Harvester and JD Wetherspoon have ranked second and fourth in a new league table which exposes the nutritional value of children's menus.

The Soil Association has published the findings in its Out to Lunch campaign which saw secret diners eat in chains around the country after 66 per cent of parents said they don't think kids' food in restaurants is good enough.

This year's clear winner was Jamie's Italian which received a score of 64 (up from 50 two years ago) out of 80 for its children's picnic boxes and organic mini spaghetti and meatballs, followed by Harvester (45 points), Giraffe (44) and Wetherspoon (43).

Contrary to popular belief, healthy meals are not more expensive as the average meal price for eating out with children is £5.61, and the top five healthiest chains' average meal price is £5.55.

Rob Percival from the Soil Association said: "Our 2015 league table includes big winners and big losers - adults expect to be offered real food and real choices in restaurants and we think children deserve the same.

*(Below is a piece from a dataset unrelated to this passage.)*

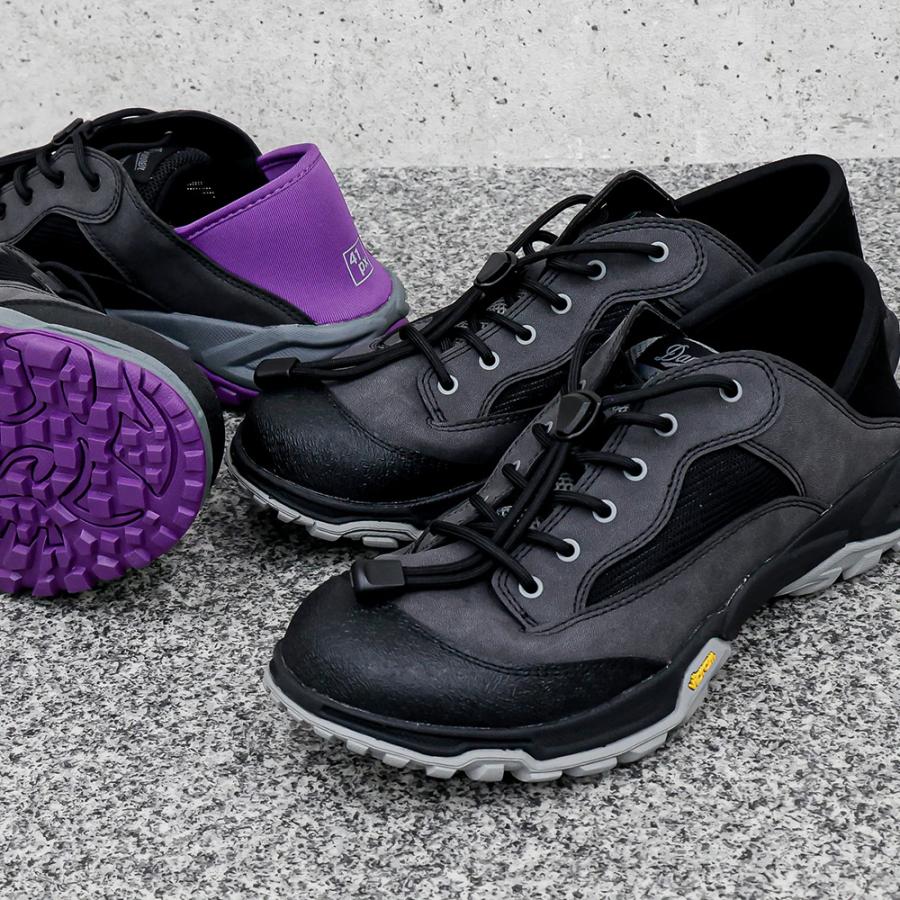 ATA-MIL(エーティーエーミル） 【LayLax × Danner】コラボシューズ : サバゲー用品の41ミリタリー - 通販 ...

"We've found some up-market eateries are designing menus that make healthy eating for children almost impossible, and price is no guarantee of quality - lower cost restaurants are outperforming more expensive chains. Since our first league table Harvester and Prezzo have proved it's possible to make major improvements – we're now calling on other restaurants to raise the bar and give our kids the food they deserve."

Questionable sourcing

The campaign found that restaurants were serving potatoes pre-mashed in Holland, fish fingers pre-cooked in Poland and one chicken product had 19 additional ingredients produced in Kazakhstan, Russia, Vietnam, Argentina, Malaysia, India, Singapore, Indonesia, China, Ukraine and Slovakia.

Additionally, more than half of the restaurants gave no indication of where the food came from, and only Jamie's Italian could reliably tell parents where the meat came from.

One of the secret diner parents, Kate Blincoe, said: "I really care about what my children eat, but as secret diners they were served up with vegetable-free meals, sugar-laden deserts, and they had to eat with adult cutlery. Overall, there is a lot of work to be done to make eating out with kids healthy and family friendly, and I was particularly shocked by where the meat came from in the restaurants we visited."

The first league table was produced two years ago and since then, the campaign has worked to help chains improve the nutritional values of their children's menus.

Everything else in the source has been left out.